One of the common liberal discourses on state-building is the Institutionalisation Before Liberalisation (IBL) model which has been put forward by Ronald Paris, a pioneer political scientist in the field of peace and conflict resolution. The model was first introduced in Paris’s book At War’s End in 2004 as an alternative approach to the orthodox liberal peacebuilding of international intervention and peace operations. Paris’s model comes out as response to his disagreement with conventional liberal peacebuilders who rush the transformation of war-shattered states into liberal market democracies (2004). For him, that model has proven its failure, as it results into a “spurred societal competition before effective governmental structures could be established to regulate the competition” (2004, p. 187). Thus, Paris suggests an alternative model to transform post-conflict states into liberal market democracies, but, slowly and steadily (2004, p. 179). His strategy aims at introducing states with a gradual and controlled liberalisation by focusing on establishing effective institutions before introducing a liberal democracy (2004, p. 187). Paris suggests that states and their institutions should be built before introducing democracy and liberalisation. He argues that “peacebuilders should delay liberalisation and limit political and economic freedoms in the short run, in order to create conditions for a smoother and less hazardous transition to market democracy – and durable peace – in the long run” (2004, p. 188). Paris’s initial focus has been on war-torn states and post-conflict state-building. However, the model has also been used and adopted by the international community to help states build and maintain strong institutions. Egypt is one of those states that has been receiving enormous financial and technical support from other states and international organisations to maintain sturdy state apparatus along the history and even post the 25th of January 2011 revolution up till now with the last regime change and current President Abdelfattah Al-Sisi coming to power in 2014.

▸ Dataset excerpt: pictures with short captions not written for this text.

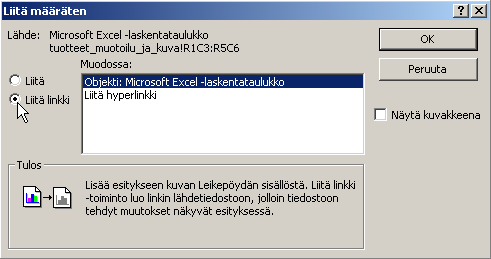Esitysgrafiikka Microsoft PowerPoint 19/31 Tiedon linkittäminen Tavallisessa kopioimisessa ja liitämisessä lähdetiedon muutokset eivät päivity kohdeohjelmaan.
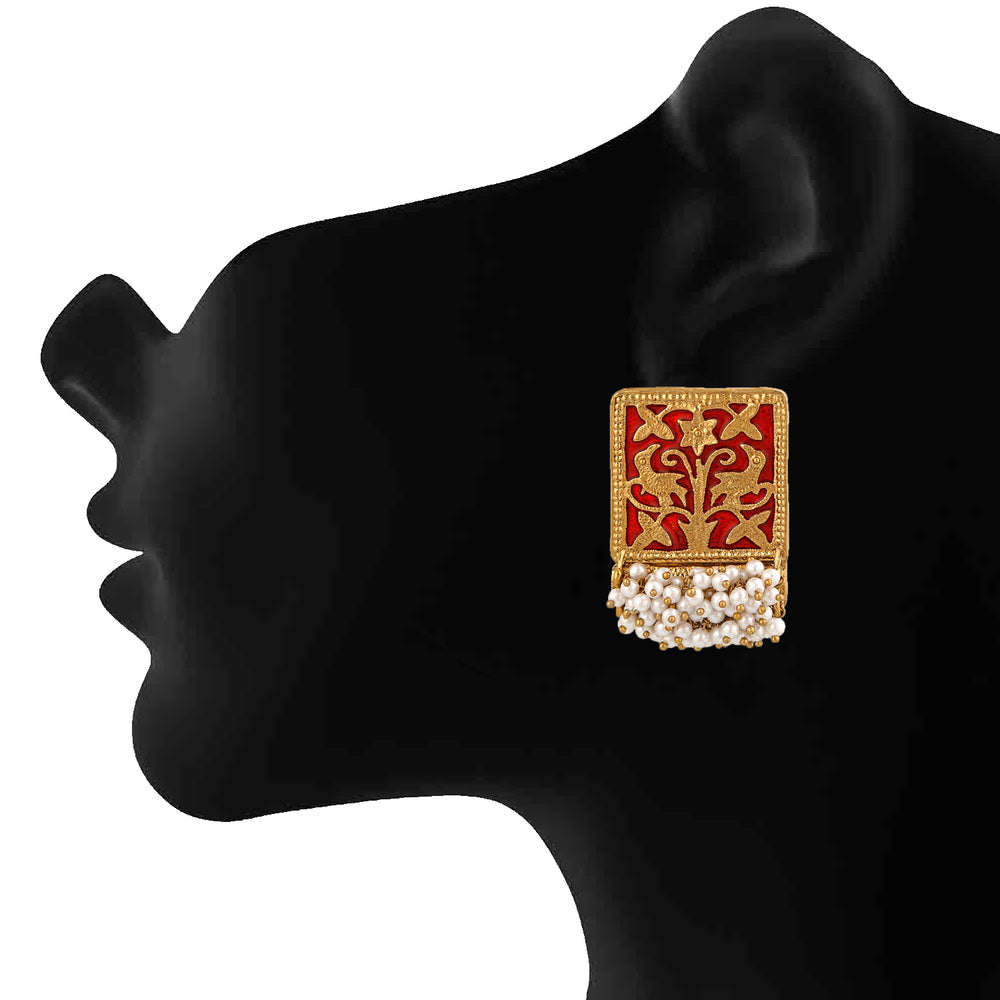 Meenakari Work Rectangular Shape Maangtikka & Earrings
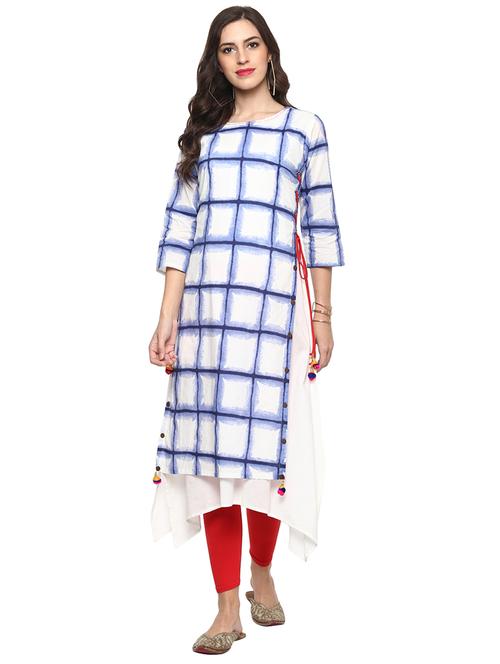 layered checkered kurta - 15911711 - Very Small Image - 1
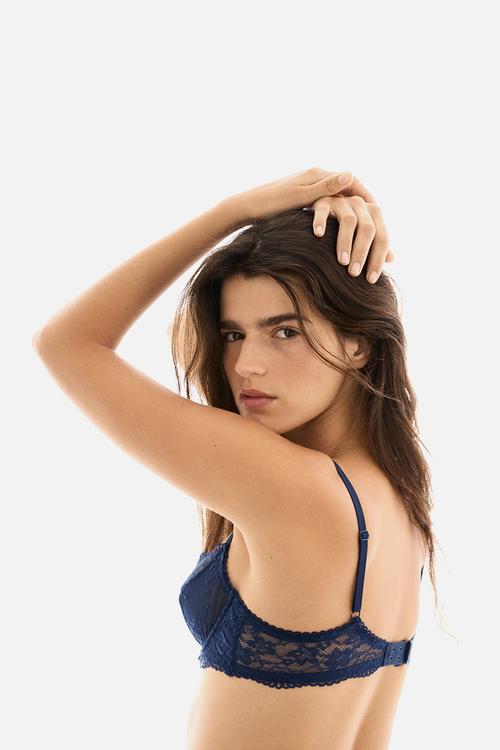 Underwired lace bra - dark blue
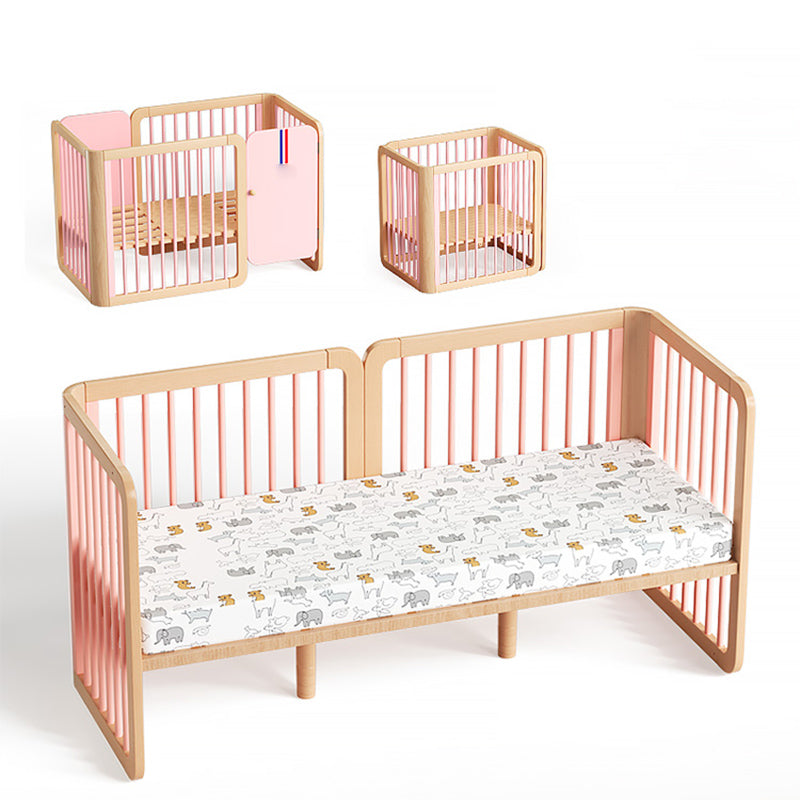 4-in-1 Folding Crib Nordic Mini Baby Crib With Mattress & Casters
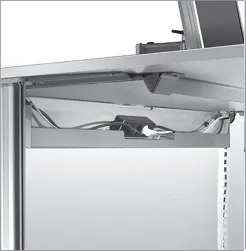 Sitz-Steh Schreibtisch Leuwico iMOVE C höhenverstellbar - Kabelwanne Leuwico GO2move Sitz-Steh Schreibtisch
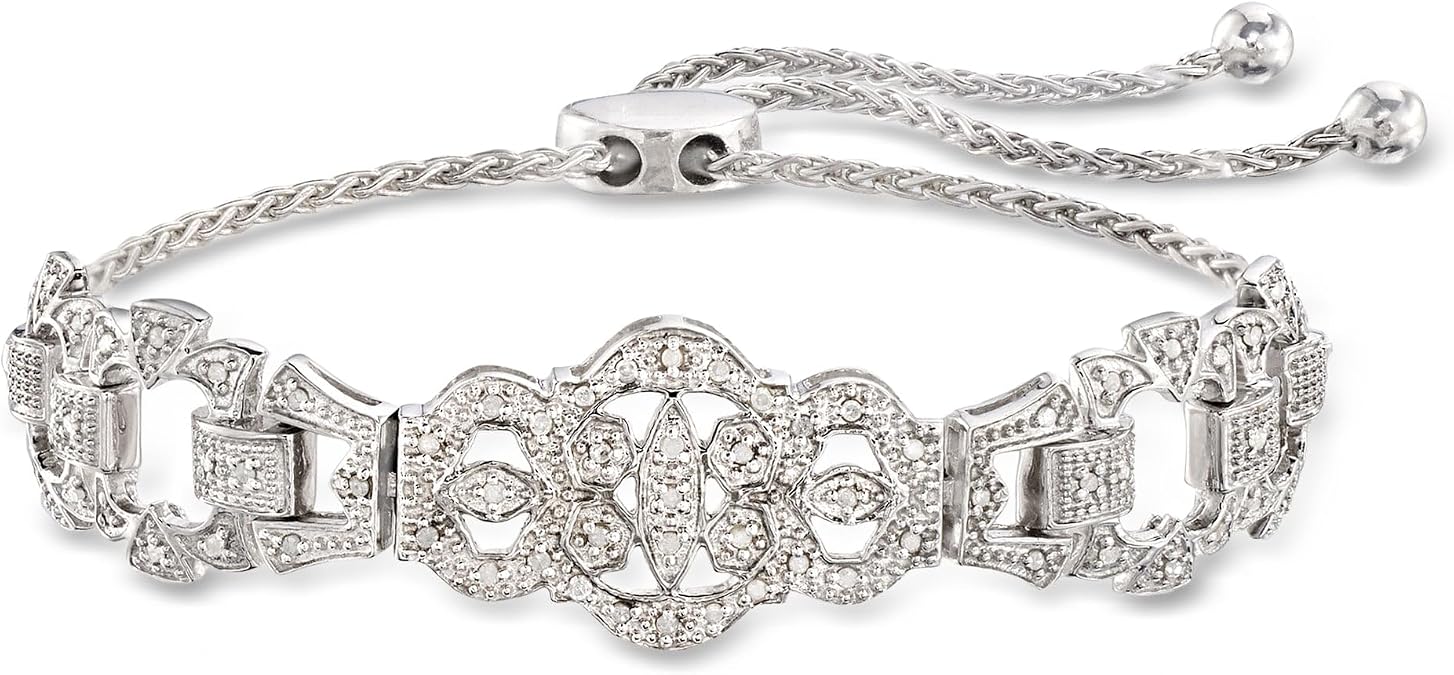 Ross-Simons 0.25 ct. t.w. Diamond Openwork Bolo Bracelet in Sterling Silver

Egypt has been a strong military state. The Egyptian Armed Forces (EAF) has excessive control over the internal affairs of the country including the economy. In addition, since the 1960s, the state has been led by military rulers who have been EAF officers for a long time, with the exception of the year 2013-14 when ex-president Mohamed Morsi from the Muslim Brotherhood group was in power. But even during Morsi’s rule, the military kept his excessive authorities through controlling the public order and the economy. Throughout the years, Egypt has been one of the strongest allies to the West due to its important geo-political location for those states’ economic interests which has led to tight relations with them. Consequently, Egypt has been receiving massive political backing-up and financial support from the Western states to maintain the power of the ruling regimes even at times when they carried out major violations against its own citizens.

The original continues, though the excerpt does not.